Whoa. Those are some big topics, eh?

I want to report that setting a goal for this month, blogging wise, has helped me know exactly what I am going to post no matter what. As you all know, I am participating in NANOWRIMO. I promised in previous weeks that I would share my progress no matter what. Well, my progress stinks!

At the end of Chapter 5 of my WIP, I decided a key character will have an illness. Where I come up with these things, I do not know. Well, I've been avoiding the story all week. I had 2 good excuses for not writing at work on Monday and Tuesday. There were other things I had to do, or I just didn't take a lunch break. Wednesday, I worked from home - which means you're busier than you are at work - so I worked through lunch and no writing time. Did I mention my toddler wakes up when I do and she also goes to bed with me? This equals plenty of time with my little darling, but no writing time! AHHHHH!

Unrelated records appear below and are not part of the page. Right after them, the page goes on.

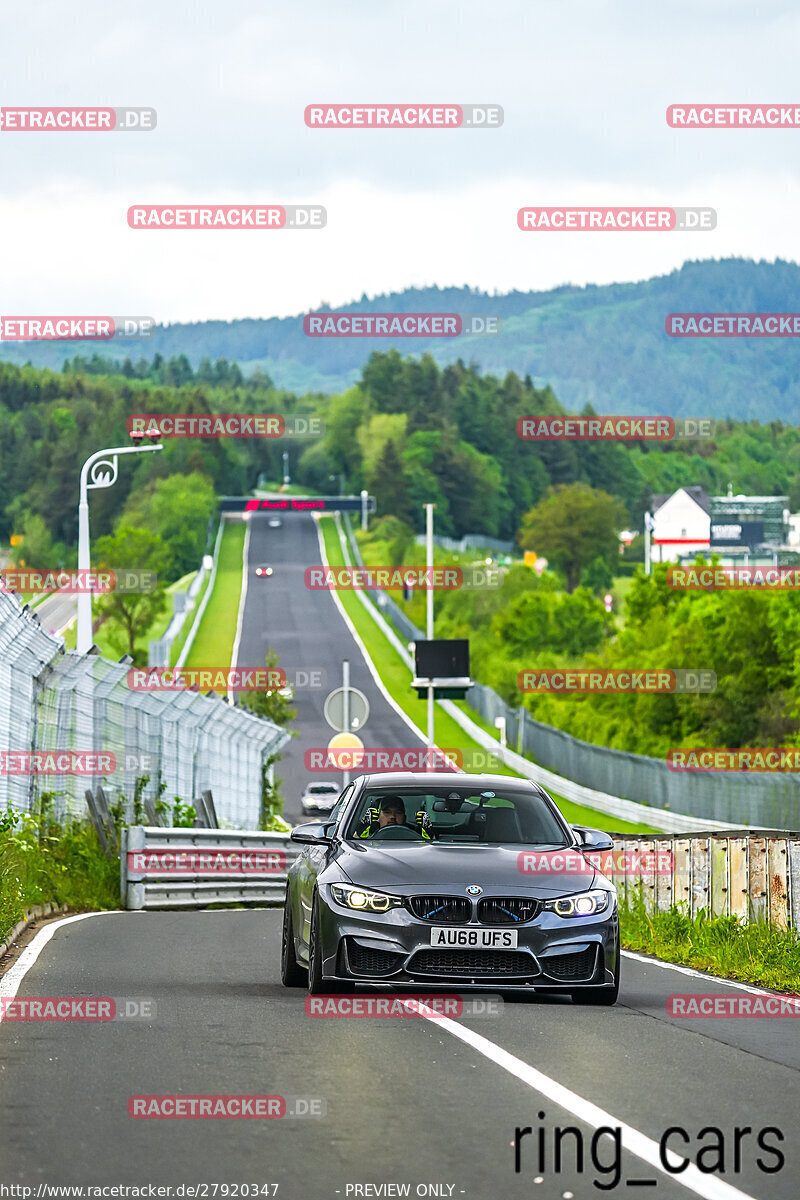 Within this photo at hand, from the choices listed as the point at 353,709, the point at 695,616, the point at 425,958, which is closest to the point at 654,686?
the point at 695,616

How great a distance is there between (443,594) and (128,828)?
13238 centimetres

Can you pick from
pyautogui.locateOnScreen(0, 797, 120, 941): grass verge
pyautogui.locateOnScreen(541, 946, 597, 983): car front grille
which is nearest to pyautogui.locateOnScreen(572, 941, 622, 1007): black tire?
pyautogui.locateOnScreen(541, 946, 597, 983): car front grille

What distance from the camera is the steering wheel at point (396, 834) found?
1194 cm

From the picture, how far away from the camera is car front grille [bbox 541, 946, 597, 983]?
435 inches

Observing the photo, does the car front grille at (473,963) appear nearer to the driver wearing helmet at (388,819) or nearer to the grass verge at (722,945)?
the driver wearing helmet at (388,819)

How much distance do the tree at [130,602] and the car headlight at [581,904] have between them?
381 ft

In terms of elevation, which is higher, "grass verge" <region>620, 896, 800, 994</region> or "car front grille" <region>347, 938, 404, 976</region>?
"car front grille" <region>347, 938, 404, 976</region>

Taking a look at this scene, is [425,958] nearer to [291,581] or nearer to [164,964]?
[164,964]

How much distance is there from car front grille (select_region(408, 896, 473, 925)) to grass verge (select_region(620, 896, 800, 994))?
3.23 m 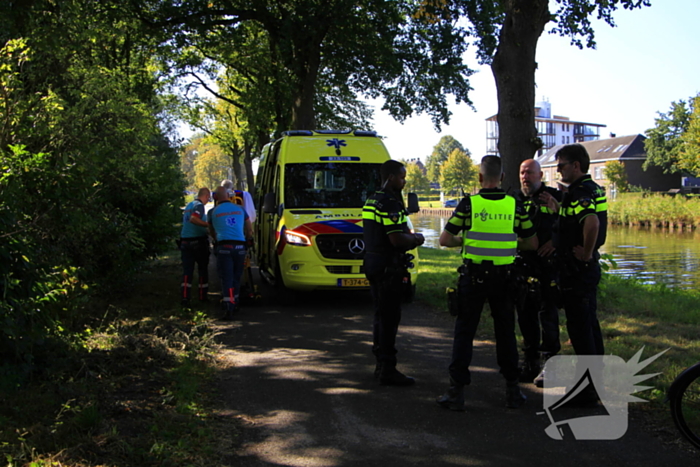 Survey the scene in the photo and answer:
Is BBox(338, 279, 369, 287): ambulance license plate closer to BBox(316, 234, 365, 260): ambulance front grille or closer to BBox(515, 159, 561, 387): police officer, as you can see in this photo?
BBox(316, 234, 365, 260): ambulance front grille

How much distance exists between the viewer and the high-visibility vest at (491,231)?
544 centimetres

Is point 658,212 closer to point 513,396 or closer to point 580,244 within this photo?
point 580,244

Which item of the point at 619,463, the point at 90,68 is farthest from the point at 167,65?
the point at 619,463

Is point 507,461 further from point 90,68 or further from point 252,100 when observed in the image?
point 252,100

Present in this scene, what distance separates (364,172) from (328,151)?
75 cm

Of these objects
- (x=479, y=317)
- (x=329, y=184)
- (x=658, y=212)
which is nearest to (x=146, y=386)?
(x=479, y=317)

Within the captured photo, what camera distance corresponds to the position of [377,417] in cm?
533

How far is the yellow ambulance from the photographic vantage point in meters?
10.4

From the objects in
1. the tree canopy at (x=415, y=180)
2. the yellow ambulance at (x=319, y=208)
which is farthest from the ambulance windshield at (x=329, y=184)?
the tree canopy at (x=415, y=180)

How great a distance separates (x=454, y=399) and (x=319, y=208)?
619 cm

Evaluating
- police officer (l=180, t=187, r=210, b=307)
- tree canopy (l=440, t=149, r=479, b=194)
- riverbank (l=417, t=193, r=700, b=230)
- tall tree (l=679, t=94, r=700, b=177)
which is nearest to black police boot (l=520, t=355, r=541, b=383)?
police officer (l=180, t=187, r=210, b=307)

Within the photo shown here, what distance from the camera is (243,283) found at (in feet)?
38.0

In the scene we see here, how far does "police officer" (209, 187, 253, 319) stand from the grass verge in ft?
4.66

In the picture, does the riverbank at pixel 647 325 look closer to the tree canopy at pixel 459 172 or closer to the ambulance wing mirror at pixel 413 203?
the ambulance wing mirror at pixel 413 203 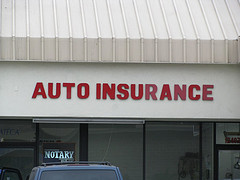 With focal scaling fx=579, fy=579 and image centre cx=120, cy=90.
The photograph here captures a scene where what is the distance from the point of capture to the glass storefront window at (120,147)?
16.6 m

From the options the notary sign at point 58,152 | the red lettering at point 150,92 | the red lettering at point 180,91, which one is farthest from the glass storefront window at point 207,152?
the notary sign at point 58,152

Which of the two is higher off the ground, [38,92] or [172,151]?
[38,92]

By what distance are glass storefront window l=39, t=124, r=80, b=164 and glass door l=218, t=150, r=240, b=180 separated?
13.9ft

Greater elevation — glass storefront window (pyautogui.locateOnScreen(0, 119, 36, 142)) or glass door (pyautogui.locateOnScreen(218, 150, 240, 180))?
glass storefront window (pyautogui.locateOnScreen(0, 119, 36, 142))

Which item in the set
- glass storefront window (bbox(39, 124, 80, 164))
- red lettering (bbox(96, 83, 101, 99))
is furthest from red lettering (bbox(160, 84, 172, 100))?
glass storefront window (bbox(39, 124, 80, 164))

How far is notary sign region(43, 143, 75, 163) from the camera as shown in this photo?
16562mm

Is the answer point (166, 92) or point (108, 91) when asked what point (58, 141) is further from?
point (166, 92)

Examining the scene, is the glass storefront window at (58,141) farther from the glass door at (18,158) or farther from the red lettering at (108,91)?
the red lettering at (108,91)

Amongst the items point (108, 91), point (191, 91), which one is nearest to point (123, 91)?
point (108, 91)

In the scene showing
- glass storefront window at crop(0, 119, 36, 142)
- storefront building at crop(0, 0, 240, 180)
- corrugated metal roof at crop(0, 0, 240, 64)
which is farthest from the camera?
glass storefront window at crop(0, 119, 36, 142)

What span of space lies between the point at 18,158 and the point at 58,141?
1225 millimetres

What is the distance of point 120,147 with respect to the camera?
1667cm

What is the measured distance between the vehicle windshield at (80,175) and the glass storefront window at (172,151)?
23.0 feet

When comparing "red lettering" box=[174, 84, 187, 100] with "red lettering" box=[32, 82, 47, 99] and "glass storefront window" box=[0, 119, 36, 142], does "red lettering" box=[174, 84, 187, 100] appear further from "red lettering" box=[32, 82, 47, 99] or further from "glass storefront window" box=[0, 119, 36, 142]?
"glass storefront window" box=[0, 119, 36, 142] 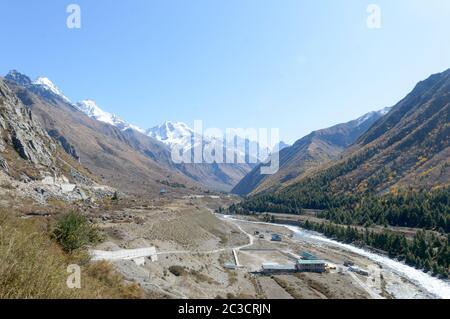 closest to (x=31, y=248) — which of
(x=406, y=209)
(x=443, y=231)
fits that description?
(x=443, y=231)

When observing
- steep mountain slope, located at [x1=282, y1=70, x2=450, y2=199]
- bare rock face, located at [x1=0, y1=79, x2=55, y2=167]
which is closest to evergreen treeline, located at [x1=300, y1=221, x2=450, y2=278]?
steep mountain slope, located at [x1=282, y1=70, x2=450, y2=199]

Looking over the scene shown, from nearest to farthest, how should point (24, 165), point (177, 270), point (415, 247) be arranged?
1. point (177, 270)
2. point (415, 247)
3. point (24, 165)

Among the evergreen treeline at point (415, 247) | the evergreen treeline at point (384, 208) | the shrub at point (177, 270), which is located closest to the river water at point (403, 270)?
the evergreen treeline at point (415, 247)

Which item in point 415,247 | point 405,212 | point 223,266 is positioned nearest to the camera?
point 223,266

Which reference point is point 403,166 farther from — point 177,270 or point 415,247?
point 177,270

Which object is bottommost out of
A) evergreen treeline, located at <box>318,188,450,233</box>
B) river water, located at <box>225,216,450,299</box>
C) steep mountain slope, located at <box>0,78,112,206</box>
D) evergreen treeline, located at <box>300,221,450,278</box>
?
river water, located at <box>225,216,450,299</box>

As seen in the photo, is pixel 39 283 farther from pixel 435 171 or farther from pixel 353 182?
pixel 353 182

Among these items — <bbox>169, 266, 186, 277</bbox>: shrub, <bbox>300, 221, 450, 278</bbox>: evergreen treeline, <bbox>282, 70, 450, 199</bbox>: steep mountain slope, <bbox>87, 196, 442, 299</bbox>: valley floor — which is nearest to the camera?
<bbox>87, 196, 442, 299</bbox>: valley floor

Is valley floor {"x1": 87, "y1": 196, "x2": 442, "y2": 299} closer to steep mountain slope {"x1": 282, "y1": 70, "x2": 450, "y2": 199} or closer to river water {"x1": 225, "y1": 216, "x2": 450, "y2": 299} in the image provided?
river water {"x1": 225, "y1": 216, "x2": 450, "y2": 299}

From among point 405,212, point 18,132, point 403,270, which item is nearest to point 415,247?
point 403,270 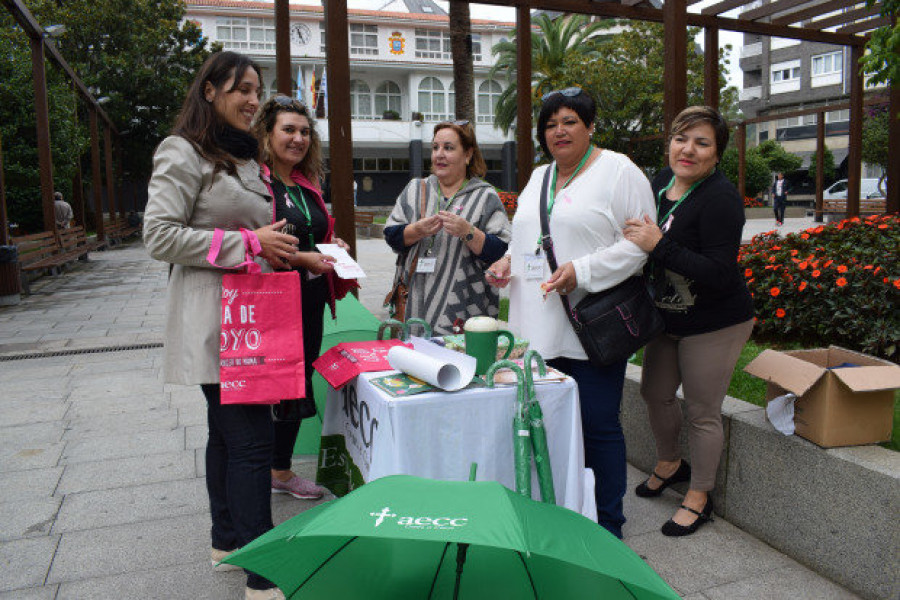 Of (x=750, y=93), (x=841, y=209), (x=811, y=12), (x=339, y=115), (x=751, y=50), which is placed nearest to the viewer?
(x=339, y=115)

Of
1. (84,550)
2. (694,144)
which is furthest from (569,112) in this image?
(84,550)

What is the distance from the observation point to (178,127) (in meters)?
2.37

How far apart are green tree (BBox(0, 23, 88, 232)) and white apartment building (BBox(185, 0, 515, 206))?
2330 cm

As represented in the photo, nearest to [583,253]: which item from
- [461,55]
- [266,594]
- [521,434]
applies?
[521,434]

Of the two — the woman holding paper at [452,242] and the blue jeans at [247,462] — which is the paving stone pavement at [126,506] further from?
the woman holding paper at [452,242]

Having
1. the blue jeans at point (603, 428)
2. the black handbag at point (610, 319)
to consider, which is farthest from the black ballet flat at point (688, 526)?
the black handbag at point (610, 319)

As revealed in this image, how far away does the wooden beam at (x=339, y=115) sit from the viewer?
4.64 m

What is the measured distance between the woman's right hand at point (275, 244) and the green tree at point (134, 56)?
27.3 m

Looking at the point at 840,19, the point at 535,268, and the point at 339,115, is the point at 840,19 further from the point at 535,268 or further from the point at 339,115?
the point at 535,268

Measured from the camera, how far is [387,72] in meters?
45.4

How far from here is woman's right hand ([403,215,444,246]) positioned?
321cm

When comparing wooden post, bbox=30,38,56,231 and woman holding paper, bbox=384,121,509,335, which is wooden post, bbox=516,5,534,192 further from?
wooden post, bbox=30,38,56,231

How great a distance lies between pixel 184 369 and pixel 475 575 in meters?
1.20

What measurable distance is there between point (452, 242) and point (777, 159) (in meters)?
40.4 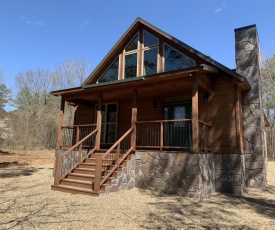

Anyway, I could give you an excuse for why the sky is blue, but it all boils down to the same thing. I have been procrastinating. Chapter 6 could be a great chapter. I won't know until I get my fanny in gear and write it!

I mentioned Facebook. Good ole Facebook. Well, I'm addicted. Really. I need to quit. ITS TAKING UP ALL MY WRITING TIME, BUT I LOVE IT!!!!

All the FAITH girls are on it... except, AHEM! Mindy! Maybe Mrs. Obenhaus will find the time to sign up and join in the fun. She needs something else to do besides baking all the pumpkin bread she baked last weekend. Hey... where's my loaf?

And onto the most important thing I wanted to share with you... I finally found Christ. If I could now, link you to my blog, I'd like to share my testimony. But because it's somewhat personal, I'd like to invite you to my living room - so to speak - on my blog: At Split Ends.

9 comments:

  1. OH! I love FaceBook! It IS addicting, isn't it? I've met so many fun people through FB.

    I just popped over to your testimony. Thanks for sharing that.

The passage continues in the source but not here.